Does Freudian repression exist?

Psychologist Yacov Rofé has written a damning article in the Review of General Psychology summarising the evidence from studies on the cognitive science of memory and arguing that the repression of memory, as described by Freud, doesn’t exist.

Rofé is careful to point out that Freud’s ideas about the repression of memory were not that we can deliberately forget or ignore traumatic experiences (as is often assumed by both professionals and lay people), but that process is supposedly unconscious (and so not deliberate) and that it was ‘pathogenic’ – in other words, a cause of mental distress and mental illness.

Rofé also notes that psychoanalysis was assumed to make people better by uncovering and lifting repression to make people better adjusted (although this has largely been rejected by modern therapists).

In contrast to these theories, Rofé cites evidence that people tend to remember rather than repress traumatic experiences, that banishing unpleasant memories tends to be a useful way of coping for many people (although interestingly, probably bad for physical health), that there is no evidence for unconsciously motivated forgetting, and that psychoanalytic therapy doesn’t seem to work by ‘lifting repression’.

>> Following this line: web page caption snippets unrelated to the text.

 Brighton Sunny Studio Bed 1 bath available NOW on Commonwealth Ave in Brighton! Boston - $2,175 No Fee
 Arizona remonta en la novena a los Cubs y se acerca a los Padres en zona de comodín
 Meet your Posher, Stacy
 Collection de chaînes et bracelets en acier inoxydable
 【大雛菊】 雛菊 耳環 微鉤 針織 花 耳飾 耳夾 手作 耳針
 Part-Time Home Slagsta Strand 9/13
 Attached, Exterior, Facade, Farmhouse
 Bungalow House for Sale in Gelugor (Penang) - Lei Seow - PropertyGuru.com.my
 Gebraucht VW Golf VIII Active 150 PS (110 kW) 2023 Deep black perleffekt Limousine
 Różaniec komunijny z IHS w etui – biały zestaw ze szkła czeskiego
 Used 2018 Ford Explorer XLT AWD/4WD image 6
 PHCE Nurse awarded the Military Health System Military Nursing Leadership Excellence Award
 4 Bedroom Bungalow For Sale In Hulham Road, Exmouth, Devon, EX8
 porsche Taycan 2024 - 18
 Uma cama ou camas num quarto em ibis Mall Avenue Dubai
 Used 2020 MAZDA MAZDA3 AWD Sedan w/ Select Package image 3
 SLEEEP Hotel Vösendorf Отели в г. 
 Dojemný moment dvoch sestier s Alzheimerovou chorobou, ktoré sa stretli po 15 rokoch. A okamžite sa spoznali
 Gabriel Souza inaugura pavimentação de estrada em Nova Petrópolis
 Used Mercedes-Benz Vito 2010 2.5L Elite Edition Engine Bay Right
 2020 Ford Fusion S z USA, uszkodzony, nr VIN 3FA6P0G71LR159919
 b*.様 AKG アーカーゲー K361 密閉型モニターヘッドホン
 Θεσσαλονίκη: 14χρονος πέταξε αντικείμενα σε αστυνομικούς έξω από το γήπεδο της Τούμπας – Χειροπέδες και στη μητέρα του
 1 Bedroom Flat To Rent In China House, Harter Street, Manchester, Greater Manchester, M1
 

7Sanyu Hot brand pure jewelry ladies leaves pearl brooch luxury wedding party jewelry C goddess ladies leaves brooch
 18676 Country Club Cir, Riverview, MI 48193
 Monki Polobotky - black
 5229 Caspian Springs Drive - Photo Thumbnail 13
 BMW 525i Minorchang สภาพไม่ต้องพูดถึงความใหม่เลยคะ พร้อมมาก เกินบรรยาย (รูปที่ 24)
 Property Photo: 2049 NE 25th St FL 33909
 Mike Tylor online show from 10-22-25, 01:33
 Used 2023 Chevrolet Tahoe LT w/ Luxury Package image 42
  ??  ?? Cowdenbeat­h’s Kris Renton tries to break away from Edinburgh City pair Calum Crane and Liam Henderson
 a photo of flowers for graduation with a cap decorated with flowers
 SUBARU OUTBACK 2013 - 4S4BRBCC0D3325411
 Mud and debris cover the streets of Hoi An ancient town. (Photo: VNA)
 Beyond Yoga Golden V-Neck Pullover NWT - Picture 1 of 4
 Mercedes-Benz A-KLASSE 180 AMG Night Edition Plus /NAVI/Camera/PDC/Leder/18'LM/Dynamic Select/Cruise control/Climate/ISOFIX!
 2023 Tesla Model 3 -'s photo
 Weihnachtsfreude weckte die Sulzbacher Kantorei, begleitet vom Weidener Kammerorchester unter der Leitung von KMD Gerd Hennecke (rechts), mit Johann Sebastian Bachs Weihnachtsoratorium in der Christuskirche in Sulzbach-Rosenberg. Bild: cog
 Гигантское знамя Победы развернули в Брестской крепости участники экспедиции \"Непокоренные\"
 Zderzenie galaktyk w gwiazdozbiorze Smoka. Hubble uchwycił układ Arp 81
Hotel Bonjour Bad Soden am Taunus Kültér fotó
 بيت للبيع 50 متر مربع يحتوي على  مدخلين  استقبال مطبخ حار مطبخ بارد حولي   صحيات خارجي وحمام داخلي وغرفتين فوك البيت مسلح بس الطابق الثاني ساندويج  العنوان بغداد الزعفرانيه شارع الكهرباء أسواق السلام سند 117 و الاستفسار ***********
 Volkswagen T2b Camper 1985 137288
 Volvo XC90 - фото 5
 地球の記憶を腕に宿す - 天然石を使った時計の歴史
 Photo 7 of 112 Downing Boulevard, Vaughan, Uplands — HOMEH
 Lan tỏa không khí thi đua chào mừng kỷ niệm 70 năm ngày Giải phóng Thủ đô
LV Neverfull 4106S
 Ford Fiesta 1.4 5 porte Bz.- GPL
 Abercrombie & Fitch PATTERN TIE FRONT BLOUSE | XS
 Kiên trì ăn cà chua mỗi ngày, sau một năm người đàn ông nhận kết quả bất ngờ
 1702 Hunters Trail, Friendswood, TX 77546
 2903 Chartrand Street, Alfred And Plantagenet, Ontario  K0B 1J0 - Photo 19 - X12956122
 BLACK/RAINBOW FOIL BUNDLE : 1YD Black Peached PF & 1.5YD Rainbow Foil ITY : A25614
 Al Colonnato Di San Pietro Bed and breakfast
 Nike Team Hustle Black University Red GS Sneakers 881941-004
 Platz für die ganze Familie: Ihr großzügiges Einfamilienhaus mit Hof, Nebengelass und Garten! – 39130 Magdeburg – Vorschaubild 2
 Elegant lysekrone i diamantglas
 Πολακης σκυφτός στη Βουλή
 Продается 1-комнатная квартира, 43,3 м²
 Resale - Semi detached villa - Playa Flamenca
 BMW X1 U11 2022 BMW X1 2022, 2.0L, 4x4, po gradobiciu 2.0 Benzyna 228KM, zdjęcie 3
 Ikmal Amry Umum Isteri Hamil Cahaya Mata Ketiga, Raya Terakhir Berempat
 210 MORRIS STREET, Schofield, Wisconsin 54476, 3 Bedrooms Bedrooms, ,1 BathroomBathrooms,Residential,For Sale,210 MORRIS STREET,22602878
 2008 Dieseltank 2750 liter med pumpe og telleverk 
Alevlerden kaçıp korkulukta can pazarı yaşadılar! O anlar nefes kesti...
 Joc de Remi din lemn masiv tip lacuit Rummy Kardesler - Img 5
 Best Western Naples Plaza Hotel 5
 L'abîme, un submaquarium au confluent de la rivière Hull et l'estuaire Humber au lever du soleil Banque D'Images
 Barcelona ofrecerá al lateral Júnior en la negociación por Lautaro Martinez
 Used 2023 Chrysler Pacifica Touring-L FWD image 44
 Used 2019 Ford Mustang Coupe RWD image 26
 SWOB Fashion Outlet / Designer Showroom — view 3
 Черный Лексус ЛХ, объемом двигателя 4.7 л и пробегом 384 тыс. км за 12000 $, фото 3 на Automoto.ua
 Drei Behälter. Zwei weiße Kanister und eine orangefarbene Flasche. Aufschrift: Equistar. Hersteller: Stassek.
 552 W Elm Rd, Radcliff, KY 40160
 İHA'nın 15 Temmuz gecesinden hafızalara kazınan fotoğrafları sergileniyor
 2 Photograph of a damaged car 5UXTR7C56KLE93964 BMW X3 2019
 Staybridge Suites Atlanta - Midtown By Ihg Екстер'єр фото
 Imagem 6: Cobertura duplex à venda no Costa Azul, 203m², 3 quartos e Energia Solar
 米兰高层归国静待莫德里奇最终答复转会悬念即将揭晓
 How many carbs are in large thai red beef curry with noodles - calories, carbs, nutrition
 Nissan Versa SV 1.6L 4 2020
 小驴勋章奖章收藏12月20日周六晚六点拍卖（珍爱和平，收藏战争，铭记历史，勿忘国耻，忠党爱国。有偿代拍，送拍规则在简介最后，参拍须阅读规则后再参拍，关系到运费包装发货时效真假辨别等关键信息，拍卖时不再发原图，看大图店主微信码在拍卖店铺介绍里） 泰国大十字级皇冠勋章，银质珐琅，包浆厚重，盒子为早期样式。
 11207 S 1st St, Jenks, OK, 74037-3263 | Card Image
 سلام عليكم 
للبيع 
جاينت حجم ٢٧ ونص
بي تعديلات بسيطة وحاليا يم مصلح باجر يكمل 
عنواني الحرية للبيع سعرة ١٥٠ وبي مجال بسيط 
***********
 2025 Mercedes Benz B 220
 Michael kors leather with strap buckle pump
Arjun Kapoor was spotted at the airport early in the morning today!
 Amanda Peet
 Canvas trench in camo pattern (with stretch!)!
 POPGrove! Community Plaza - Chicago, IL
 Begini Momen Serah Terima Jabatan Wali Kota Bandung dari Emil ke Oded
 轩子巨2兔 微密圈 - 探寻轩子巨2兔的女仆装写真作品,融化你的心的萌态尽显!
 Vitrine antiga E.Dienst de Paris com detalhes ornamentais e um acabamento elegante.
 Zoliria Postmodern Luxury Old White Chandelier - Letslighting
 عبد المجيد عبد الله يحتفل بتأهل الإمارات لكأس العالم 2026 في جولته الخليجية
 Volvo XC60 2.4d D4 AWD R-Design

In the article, Rofé has a bit of a tendency to suggest that supporting evidence that can be equally explained with a non-Freudian theory is evidence against Freud, when it fact it’s likely to support both explanations equally.

Nevertheless, he makes a strong case, largely based on the limited amount of supporting evidence that does actually exist.

However, I suspect this won’t be the end of the argument, as most debates concerning Freud centre as much around agreeing on what the terms mean, as applying data to their truth.

 
Link to abstract of scientific article.
pdf of full-text article.

2 thoughts on “Does Freudian repression exist?”

  1. I am amazed by the breadth of knowledge, insight and research applied to Prof Rofe’s work and also agree that more case studies and empirical data/experimental results give way to the theoretical side, but in the studies he cites there is ample evidence… check out his references in the bibliogrpahy and you will see his laying the groundwork for his authentic theory.